The children are growing up fast.
Their increasing self-sufficiency is great in many regards. However, instead of seeing this as an opportunity to focus more on my career, I’m actually feeling the opposite. I now want to spend more time doing things with them as it seems like they’re starting to need me less.
Work is busier than it used to be and it’s bothering me. I miss not being able to take them here, there and everywhere during half terms, and fear that soon my eldest will be too old to want to come out with her younger sisters and me anyway.
I’m lamenting all those times I’ve been with them, but not properly because I was checking an email on my phone or mentally composing one.
Out of balance
I feel work is taking over and I’ve lost some of my family focus. I’ve dropped the ball on a couple of things lately. For instance, thinking the twins were on school dinners one particular day. They weren’t and I sent them in without a packed lunch. My husband said it was an easy thing to do (they chop and change with their lunch plans) and it was the first time it had ever happened. Precisely, I thought, I’d never let that happen before and now I had.
My mind is always darting from one thing to another and I seem to be constantly cramming everything in.
I’m at a real crossroads.
I have huge imposter syndrome, but in this case it’s actually justified. After falling into PR, I feel I’ve bobbed along without ever having a real aptitude. I wake up with work on my mind, it dominates my thoughts in the evening and I’m working longer hours; that naturally impacts how I am as a parent.

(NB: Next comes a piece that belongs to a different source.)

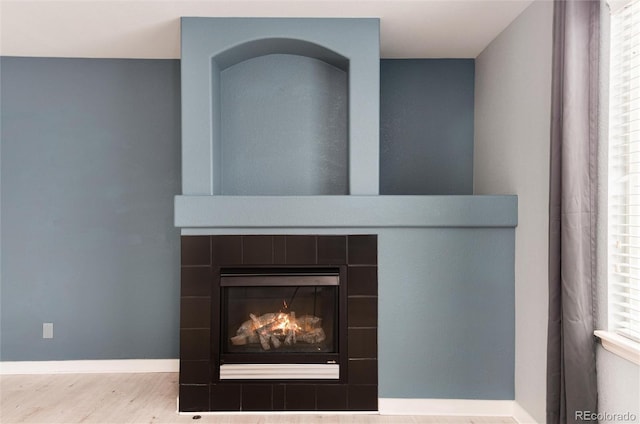 interior details featuring a tile fireplace, baseboards, and wood finished floors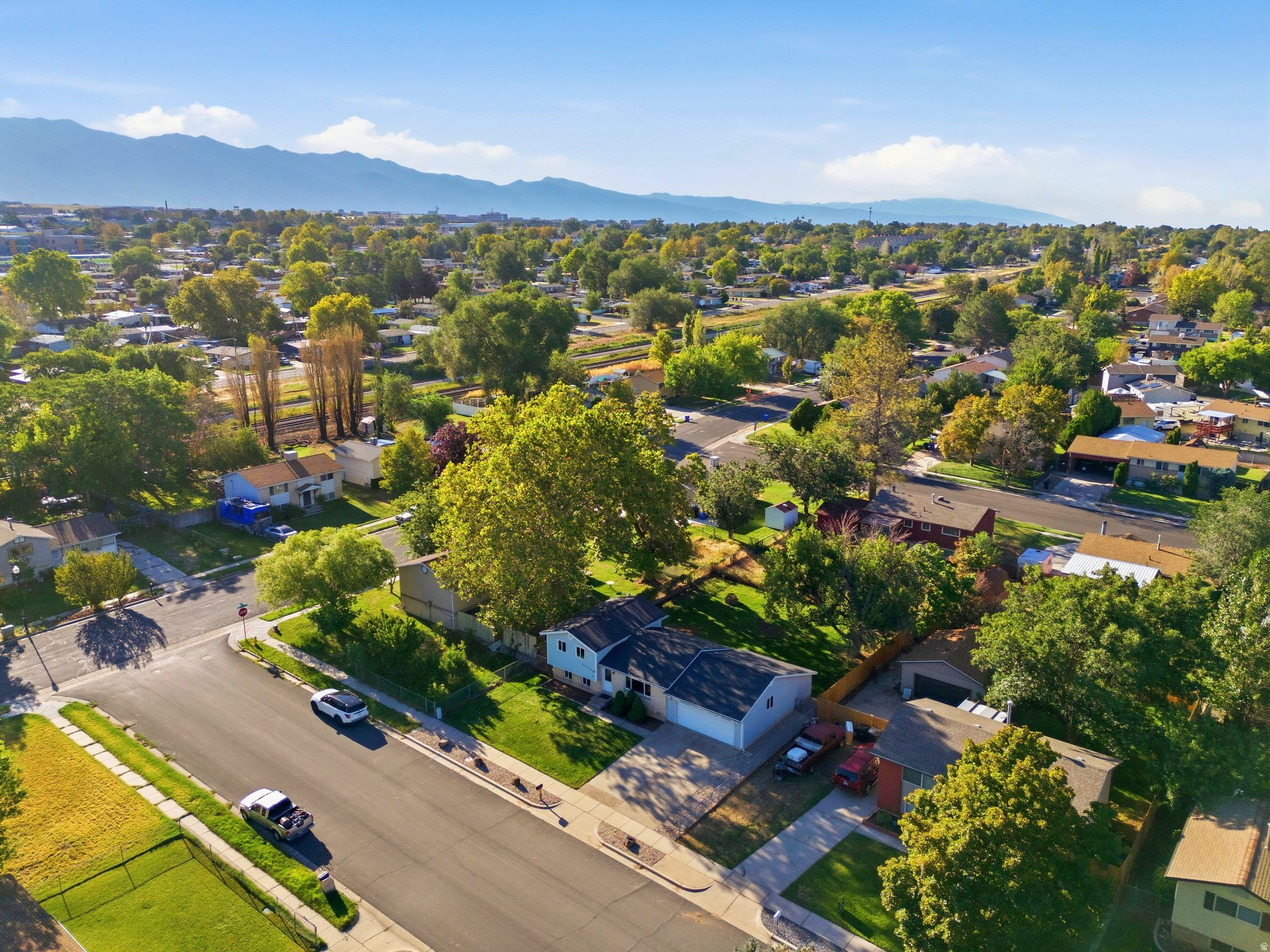 Expansive neighborhood featuring mature trees, residential streets, and distant mountains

I really enjoy meal planning, shopping for ingredients and cooking when I have time. However, during the week it’s much more of a chore than a pleasure as I try to shoehorn it in amongst work. Similarly, I pine for the weekend and when it comes, we do have great family time together, but I spend a lot of time catching up on the stuff I didn’t get done in the week.
Working – what next?
I really feel like I want to climb off for a bit and take the time to enjoy my family more. If I did stop working, would I then end up with too much time on my hands whilst the children are at school? Could I ever go back to work if I did ‘take a break’? Would I really miss making a significant contribution to the family finances? Could I explore other interests? Yes, no, maybe.
What next? Truth is, I really don’t know. I do know that I need to change something.